◆ Problem requirements ◆
Using the listing below, give again exactly the lines from the line with "istock Friends playing" to the line with "Africa Waka Waka’s", inclusive, without the pictures.

◆ Material to process ◆
# # # # #
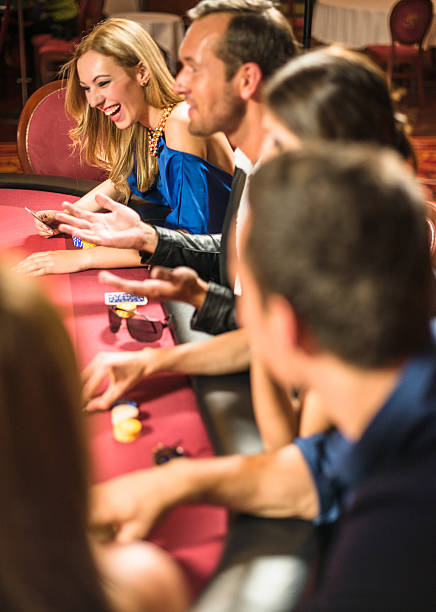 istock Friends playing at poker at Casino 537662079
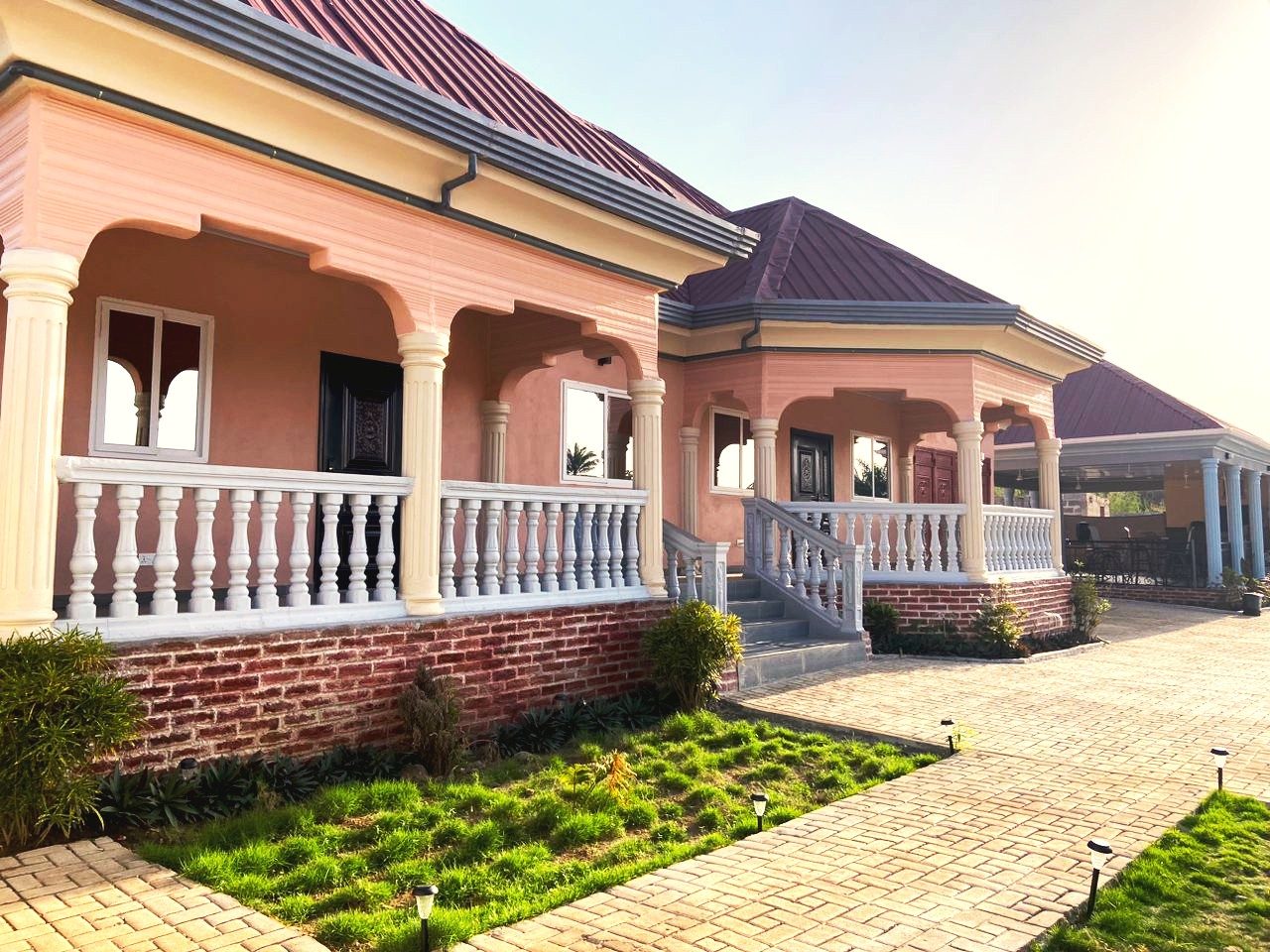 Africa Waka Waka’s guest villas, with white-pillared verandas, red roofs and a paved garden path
# # # # #
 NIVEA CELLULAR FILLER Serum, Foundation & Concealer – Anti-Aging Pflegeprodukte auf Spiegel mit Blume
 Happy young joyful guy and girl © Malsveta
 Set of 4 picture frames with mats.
# # # # #
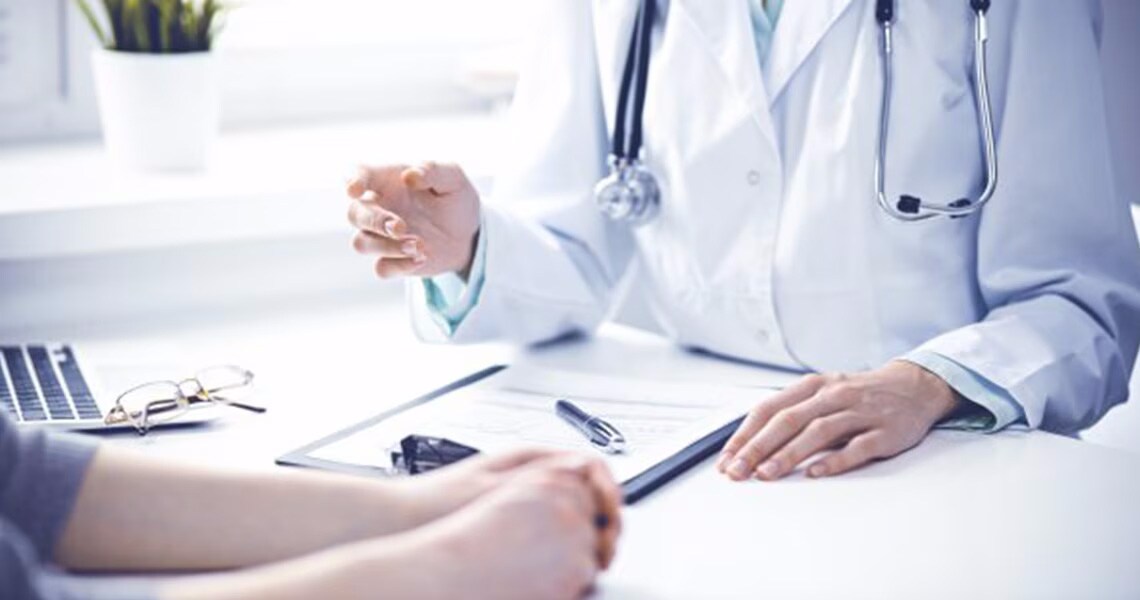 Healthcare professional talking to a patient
# # # # #
◆ Expected answer ◆
 istock Friends playing at poker at Casino 537662079
 Africa Waka Waka’s guest villas, with white-pillared verandas, red roofs and a paved garden path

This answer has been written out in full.